#### GIVEN MATERIAL:

"""

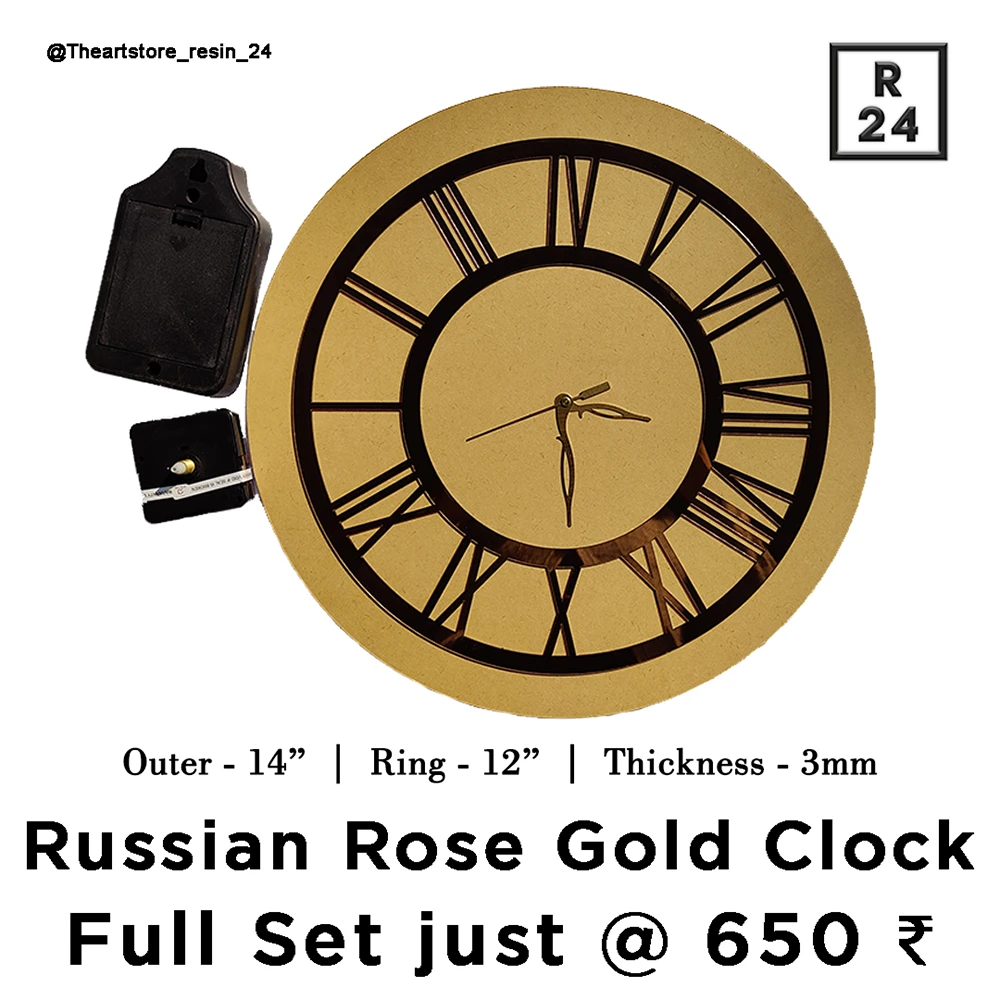 Russian Rose Gold Clock Set 2 - Resin24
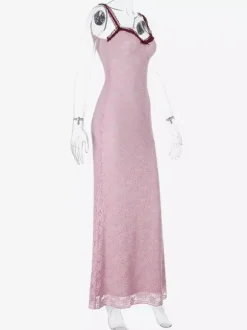 Floral Lace Women's Maxi Dress - Coquette Aesthetic Cami Slip - French Romantic Summer Party Long Gown 2026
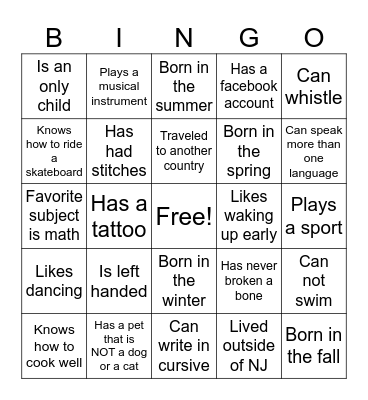 Get to know you Bingo Card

"""

#### TASK DESCRIPTION:
Every line above should be duplicated exactly; the pictures are to be left out.

#### RESULT OF THE TASK:
 Russian Rose Gold Clock Set 2 - Resin24
 Floral Lace Women's Maxi Dress - Coquette Aesthetic Cami Slip - French Romantic Summer Party Long Gown 2026
 Get to know you Bingo Card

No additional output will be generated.